4.2. Normalized Root-Mean-Square Error (NRMSE)

This section analyzes the normalized root-mean-square error (NRMSE) for the models. NRMSE provides a relative measure of prediction error, allowing comparison across frequencies and models as the training set size increases.
In the lowest modes (Figure 10), the neural network (NN) achieves the lowest NRMSE with the smallest dataset and continues to improve as the dataset increases. RF, GPR, and GB present high NRMSE values for the smallest dataset, around 30% for the first frequency and 20% for the second frequency, but their performance improves with larger datasets.
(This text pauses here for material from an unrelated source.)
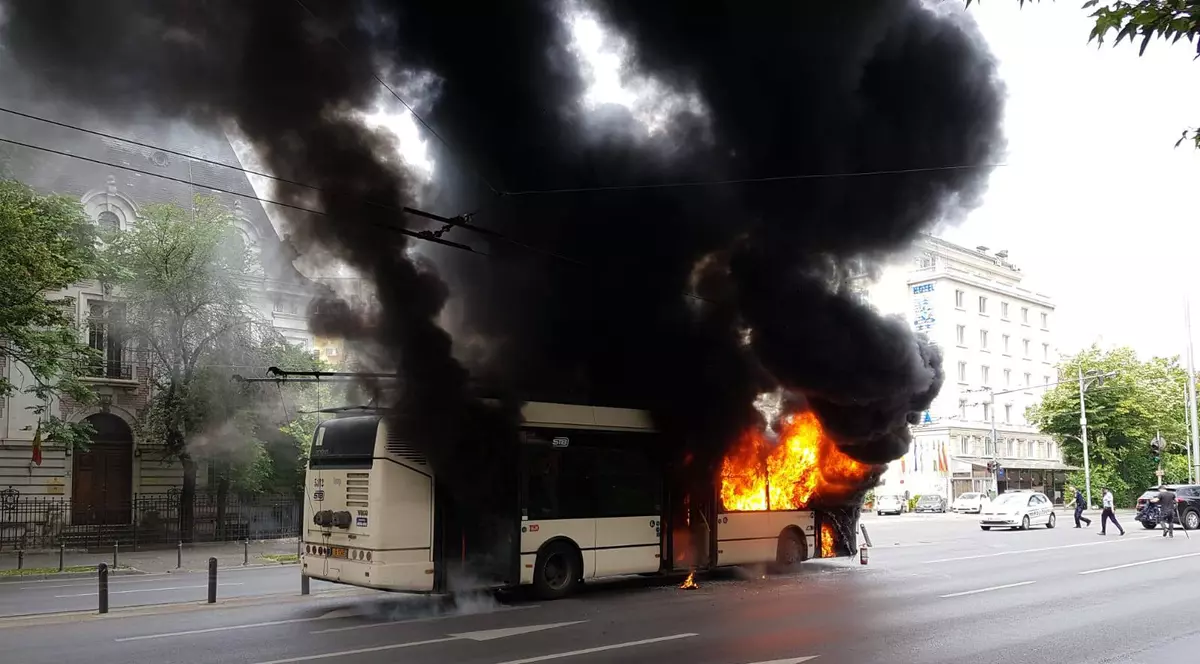Un troleibuz a luat foc în centrul Bucureștiului. Foto: Ciprian Ciucu / Facebook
For the first and second frequencies, GB stands out with the lowest error, around 5%. For the third frequency, GB, RF, and NN achieve similar NRMSE values close to 5%, while GPR once again shows the poorest performance among the models.
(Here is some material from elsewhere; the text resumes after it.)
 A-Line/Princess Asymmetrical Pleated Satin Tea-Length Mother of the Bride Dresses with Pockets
For higher frequencies (Figure 11, Figure 12 and Figure 13), the neural network (NN) shows higher NRMSE values for the smallest dataset, with errors increasing as the frequency rises. However, the NN’s performance improves steadily as the training set grows. Once again, the GPR performs worse than the other models, with NRMSE values of around 10%. The remaining three models achieve lower error ranges, reaching values close to 5%.
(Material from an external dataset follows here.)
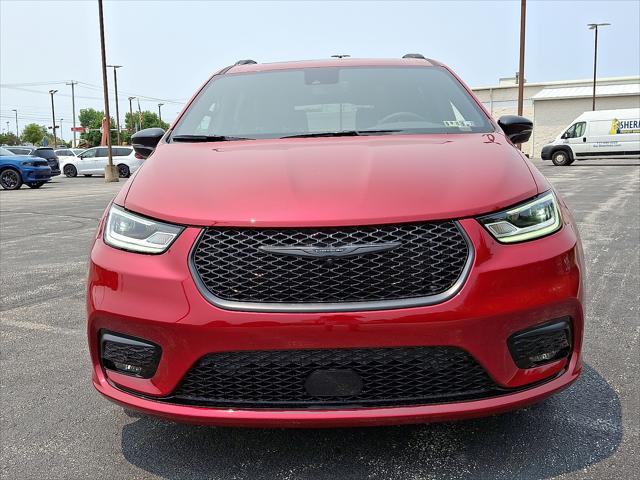 2025 Chrysler Pacifica Hybrid PACIFICA PLUG-IN HYBRID S APPEARANCE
Figure 14 summarizes per-model error trends:
  • Random Forest: The first and second frequencies show high errors with the smallest dataset but improve as the dataset size increases, ultimately reaching NRMSE values of around 5 to 8%.
  • Gaussian Process Regression: Similarly, the first and second frequencies exhibit high errors with the smallest dataset, with final NRMSE values of around 10%. Overall, this model shows the poorest performance.
  • Gradient Boosting: The first and second frequencies have high errors for the smallest dataset, but improve significantly, ending with NRMSE values between 5 and 7%. It is the model with the lowest NRMSE overall.
  • Neural Network: Higher frequencies correspond to larger NRMSE values when trained with the smallest dataset; however, the model reaches NRMSE values of around 5 to 8% for most frequencies as the dataset grows.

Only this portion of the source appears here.